One of Murrow's first actions after being appointed USIA director was to ask, "What's happened to Reed Harris?" In 1953, Harris was acting director of the USIA, then under the Department of State and known as the United States International Information Administration. Harris was attacked by Senator Joseph McCarthy for a few lines from a book he had written about college football, and resigned because he got no support from his superiors. It was Harris' testimony before McCarthy that Murrow featured in one of his two anti-McCarthy shows. Murrow learned that Harris was now running a public relations agency in Washington, and rehired him in a high executive post at the USIA. "I'd become a kind of symbol of the resistance to McCarthy," Harris, who took a salary cut to come back to the government, told me, "and there was a kind of symbolism in my returning."

It seems strange, considering Murrow's record for outspokenness, but one criticism leveled against him in Washington is that he has been too quiet. "He's too cautious. Murrow has the highest reputation," a member of the White House inner sanctum said. "He can get through to the President any time he wants. The President is always concerned with what his reactions will be. Murrow would be listened to no matter what he said, especially since he's been silent so much."

Liberals have missed Murrow's independent voice on TV. "But it would be a mistake," a close friend said, "to regard Murrow as a starry-eyed liberal. He's not so much an optimistic believer in progress as a moralist and a man who believes in the due process of law." Murrow's wife Janet says, "Ed is modest in areas where he doesn't feel qualified. He will fight when he knows what he's talking about and the time seems right."

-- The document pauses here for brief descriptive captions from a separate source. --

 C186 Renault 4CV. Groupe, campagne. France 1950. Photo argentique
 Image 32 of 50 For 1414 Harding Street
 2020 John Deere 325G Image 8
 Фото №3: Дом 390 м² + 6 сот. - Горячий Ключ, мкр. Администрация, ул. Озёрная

Averell Harriman, former Governor of New York and now the Assistant Secretary of State for Far Eastern Affairs said, "Ed has matured. He was a crusader for causes but he now feels one needs more information to be sure of his opinions. He has a great sense of wanting to be sure he's right. The USIA needed character, and Murrow has given it that—it was impersonal before. He's given it purpose and direction. He understands what the United States is all about—he's one of the few who understand it well."

Murrow has, in fact, spoken out on various issues since coming to Washington. He has hit at one-newspaper towns, the treatment of African diplomats in the capital, and "a disinclination to the service of man, a preoccupation with the gainful pursuit of money, position and status." He has lectured virtually the entire communications industry in the U.S. on its responsibilities; to Hollywood executives, he said that American films, with their accent on sex and violence, presented a false picture. "I wonder," he said, "how much truth there is if we compare the celluloid world of America with the real world of America." Murrow's speech got mixed reviews. One critic called him a "smatterer . . . who knows little about the film medium" and whose "accusations were sheer nonsense."

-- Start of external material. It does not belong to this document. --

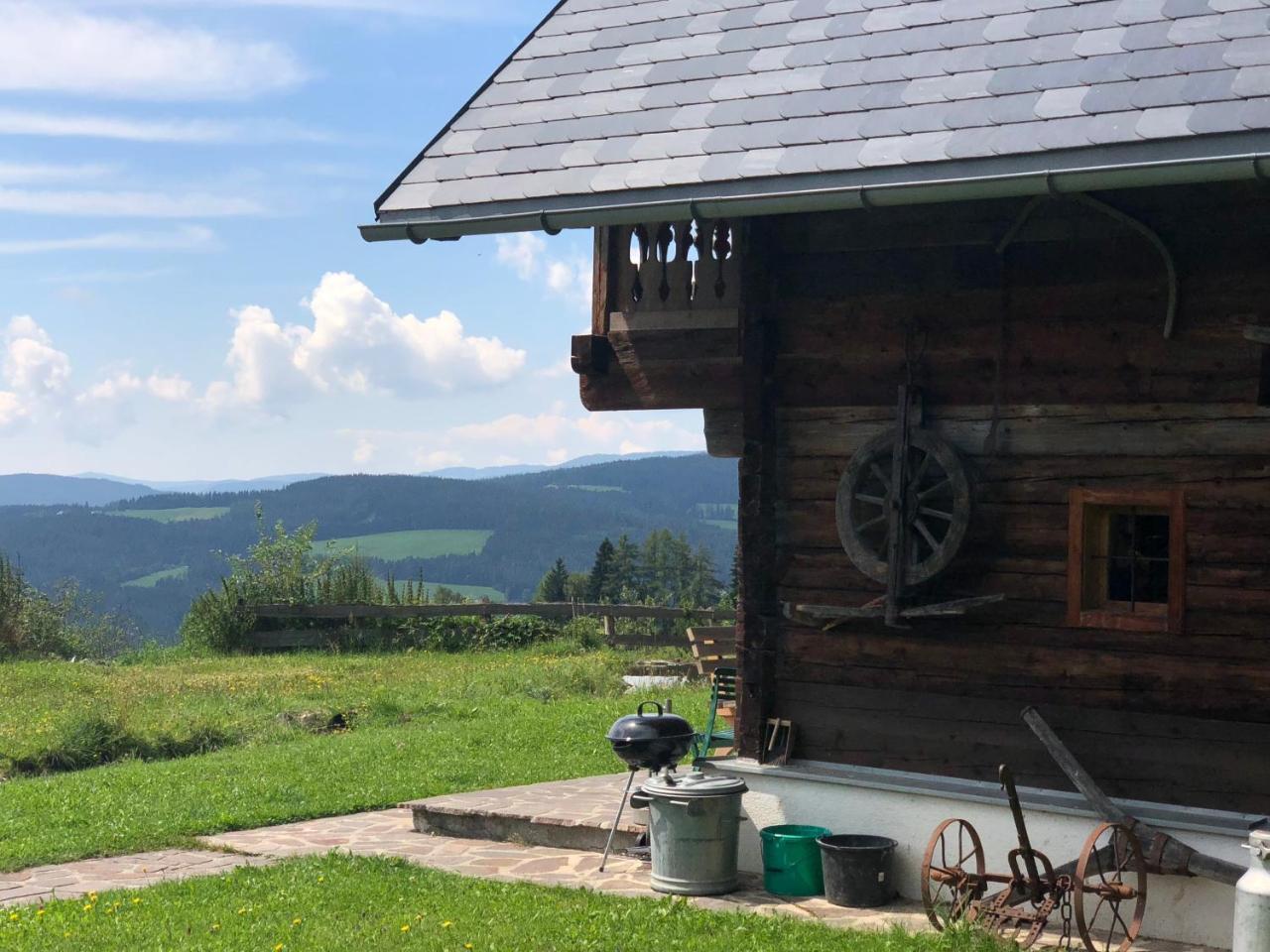 Vila Waldheimathuette Sankt Kathrein am Hauenstein Exteriér fotografie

As Murrow sees it, the job of the USIA is "to wage a war against pestilence and poverty, suffering and suspicion, disappointment and distrust. Ours is the war not to capture the minds of men but to free them." Part of that job is to break some of the stereotypes held round the world about the United States.

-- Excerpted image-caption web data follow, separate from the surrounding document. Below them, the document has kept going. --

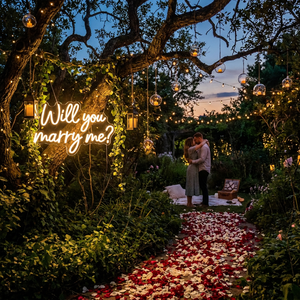 Letrero de Neón con la Frase '¿Te Casarías Conmigo?' - Luz Decorativa LED Blanca Cálida para Colgar, Ideal para Propuesta en un Bosque Encantado al Atardecer - Product Image 2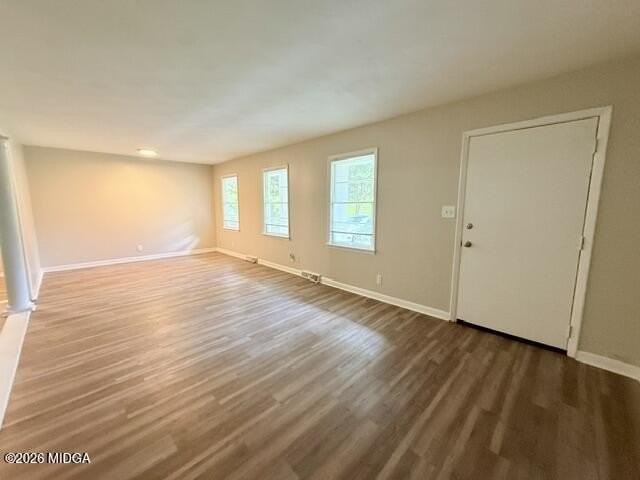 1566 N Atwood Dr - Photo 4 of 18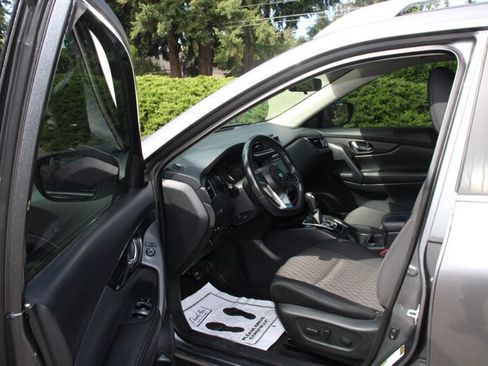 Used 2018 Nissan Rogue SV AWD/4WD image 5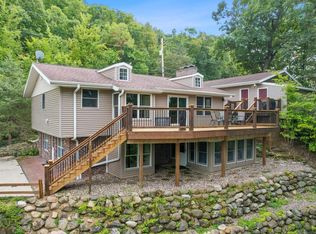 N3519 Tipperary Rd, Poynette, WI 53955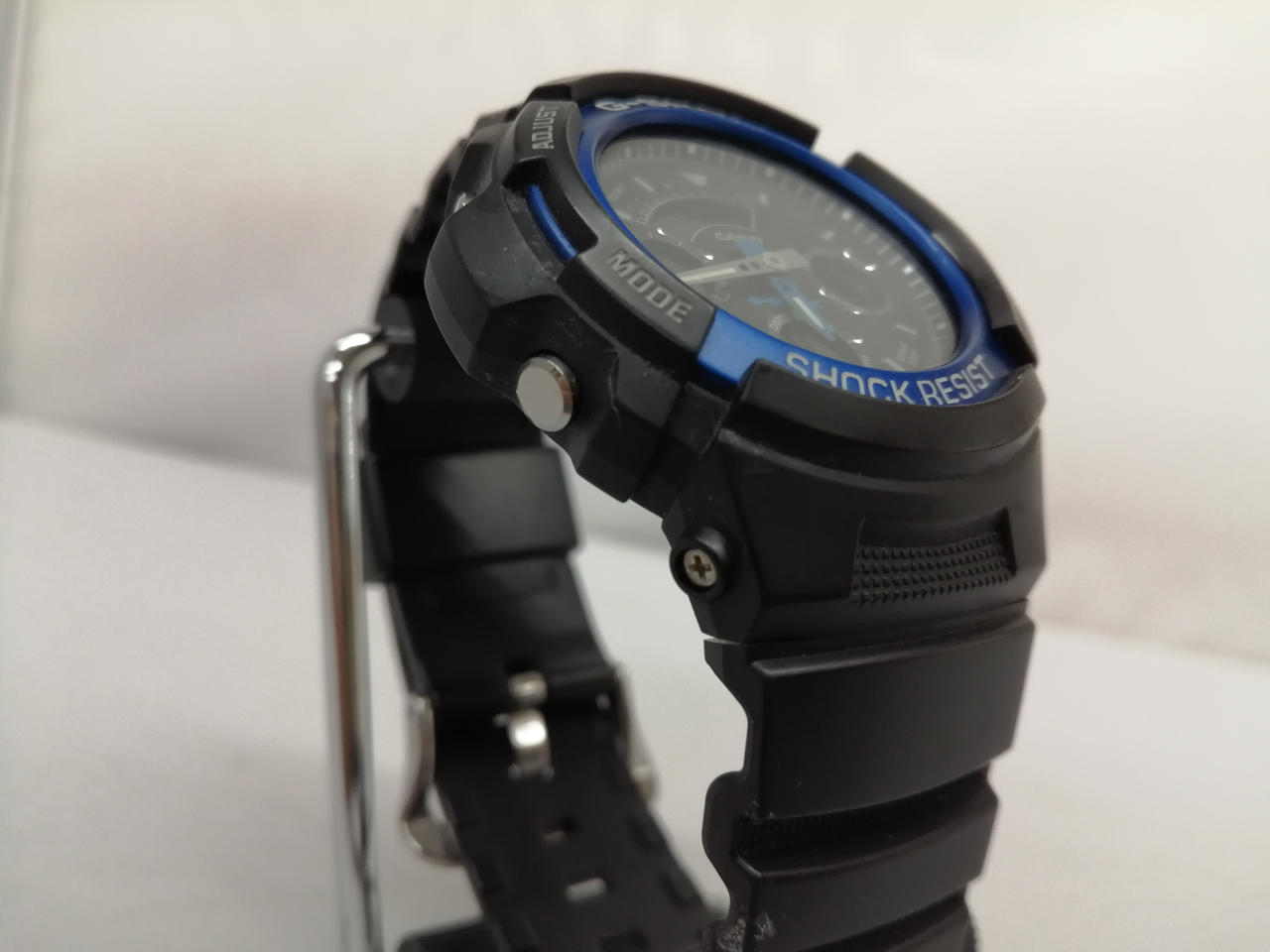 画面左下キズあり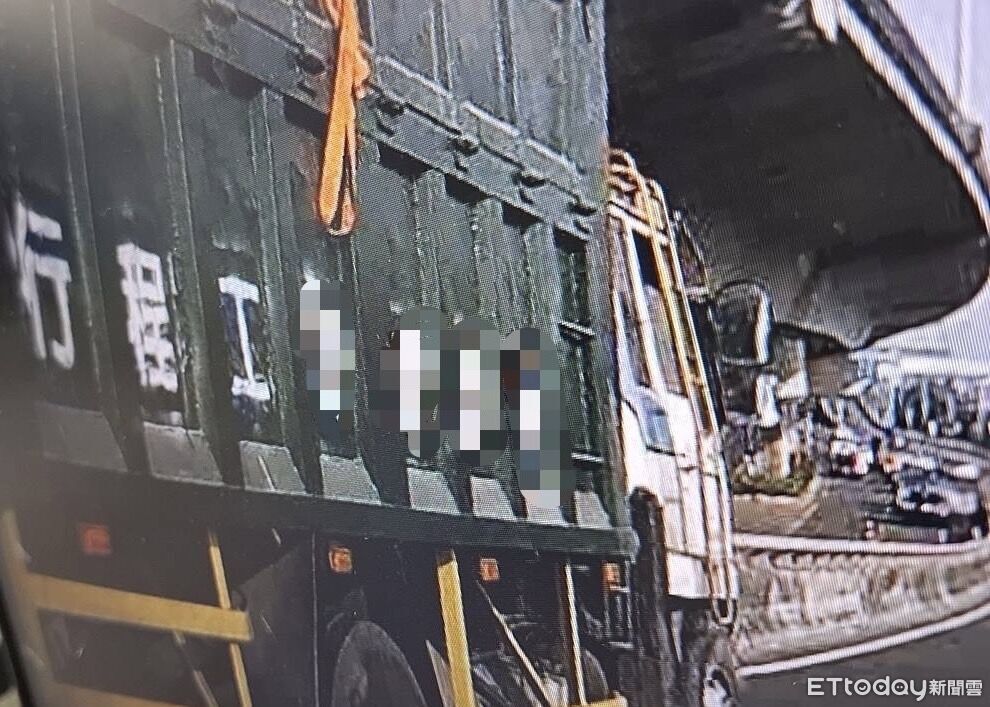 大貨車鑽縫連撞2車!司機下車瞄一眼開溜 網怒:傻眼到極致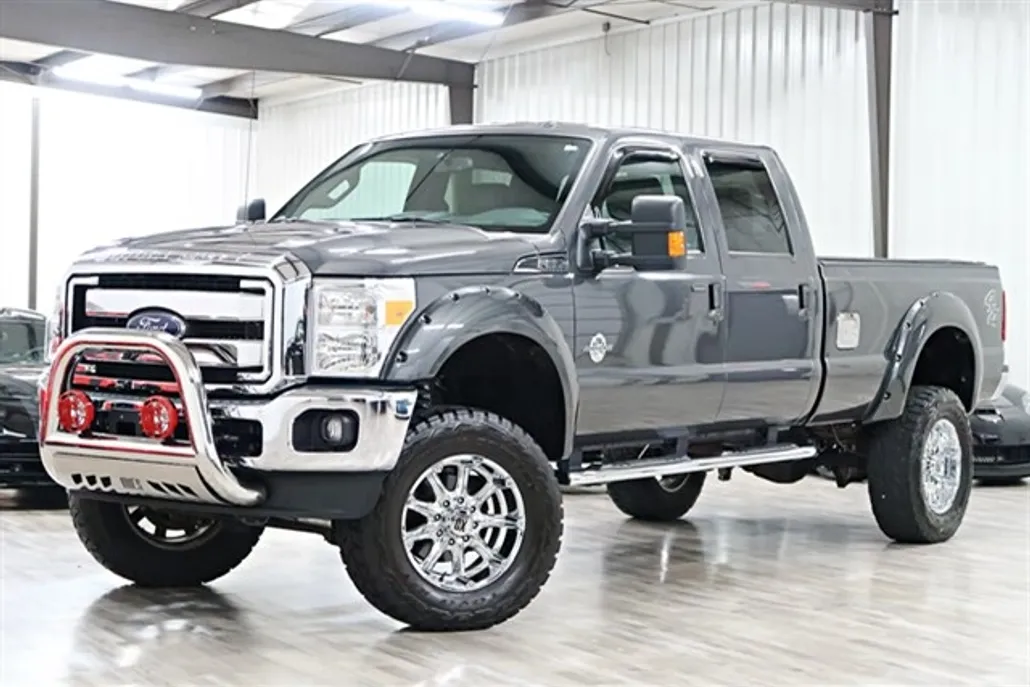 2015 Ford F-350 Lariat photo 1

"Before the Administration," presidential assistant Arthur Schlesinger, Jr. told me, "our own propaganda reinforced the idea that we were conservative, dogmatic, committed to free enterprise in the sense that every country should have it. This didn't reflect the reality. The truth about us proves to be more attractive to the world. Under Murrow, we have told the truth."

As it happens, I had several long conversations with Murrow while he was at CBS, and during one of them he defined for me his goal in making documentaries. "The real objective," he said, "is not to look for the sensational or the unusual, but not to flinch when the picture shows ignorance, bigotry and intolerance. My idea is to show 'what is'—to hold up the mirror and try to keep it steady."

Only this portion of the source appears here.